Some changes to user interface design come with a fanfare but some seek to creep in unannounced. Perhaps I just wasn’t paying attention but I have recently spotted a trend for scroll bars to become a bit more information rich.
A few weeks ago, I realised that, when I did an in-page search in the Opera browser, the scroll bar now indicates where in the page the results are found. At first, I thought it was a visual glitch but, once I figured it out, I realised how useful that is. Sometimes you want to work through every result but, at other times, a cluster of hits indicates a particular section of interest. If nothing else, it helps maintain the sense of where you are on the overall page and how many more screens you are going to have to glance at before you are done.
I was going to blog about it but other things came up. Lo and behold, I was working in Visual Studio Code today (it is, for my taste, a better environment on Windows for Vim like editing than the standalone Vim program) and I spotted a similar effect.
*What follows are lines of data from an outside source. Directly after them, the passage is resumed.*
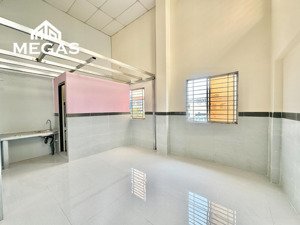 phòng gác cao 3 mét - ngay khu đầm sen - âu cơ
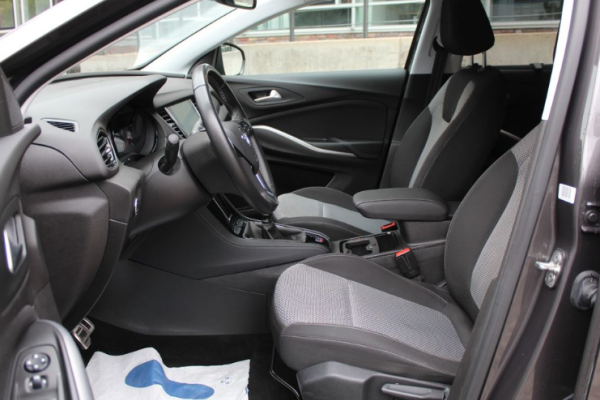 2020 Opel Grandland с пробегом 96 100 км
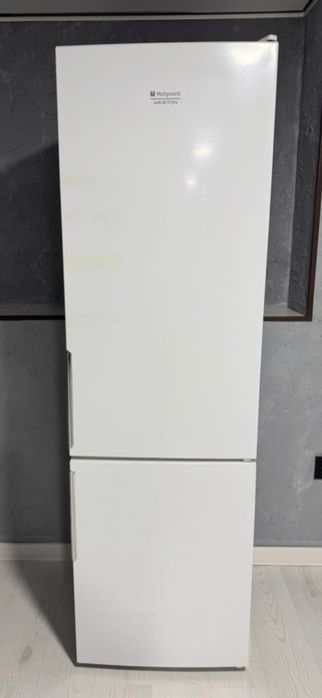 Холодильник HOTPOINT-ARISTON новый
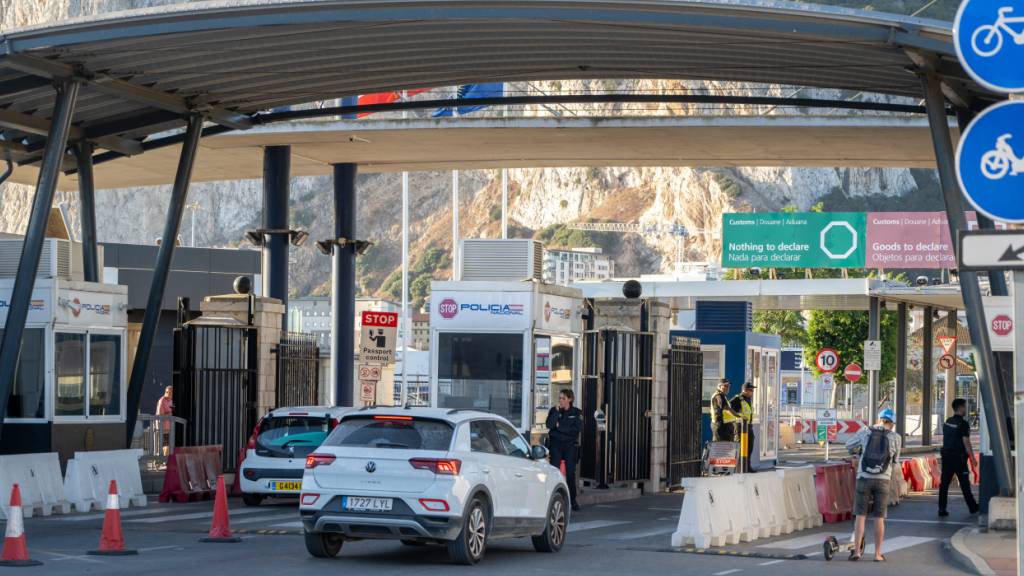ARCHIV - Während der Feierlichkeiten zum Nationalfeiertag im britischen Territorium Gibraltar fahren Fahrzeuge an der Grenzkontrollstelle in La Linea de Concepcion nach Gibraltar ein. Foto: Marcos Moreno/AP/dpa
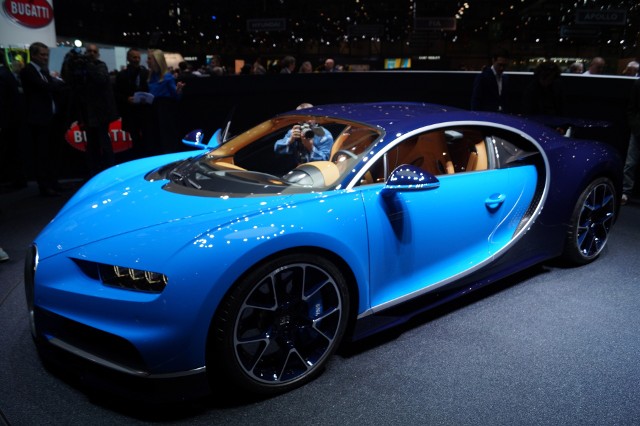 Bugatti ChironNa ten moment czekało wielu fanów motoryzacji. Bugatti pokazało model Chiron - następce Veyrona, który rozpędza się do 420 km/h / Fot. Tomasz Szmandra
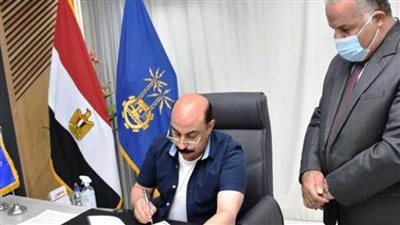 محافظ أسوان يعتمد نتيجة الشهادة الإعدادية بنسبة نجاح 80.3 %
In fact, in this case, you don’t even have to search. Simply being in or next to a word indicates everywhere else it appears in the document in the scroll bar. That was a boon for today’s task (preparing my talk for church tomorrow morning) because I could see if I was overusing certain words.
It is a minor feature, to be sure, and unobtrusive if you don’t want it but I shall be very happy if this turns out to be a trend or even that it has been going on for ages and I just haven’t noticed.